For the listing that follows, give again exactly the lines from the one with "El conductor del" to the one with "Beautiful Beachfront House", including both.

### ENTRIES SHOWN
- Opening Delimiter -
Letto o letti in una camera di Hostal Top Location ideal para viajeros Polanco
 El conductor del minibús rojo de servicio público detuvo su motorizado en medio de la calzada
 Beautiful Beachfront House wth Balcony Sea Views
- Closing Delimiter -
- Opening Delimiter -
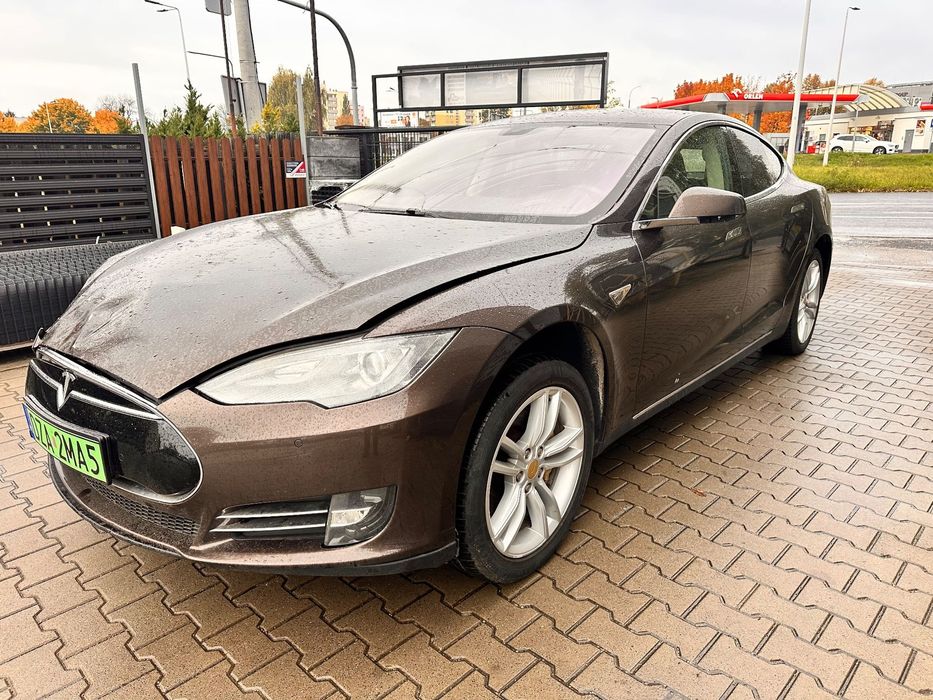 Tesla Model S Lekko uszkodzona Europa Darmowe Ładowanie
- Closing Delimiter -
### EXERCISE ANSWER
 El conductor del minibús rojo de servicio público detuvo su motorizado en medio de la calzada
 Beautiful Beachfront House wth Balcony Sea Views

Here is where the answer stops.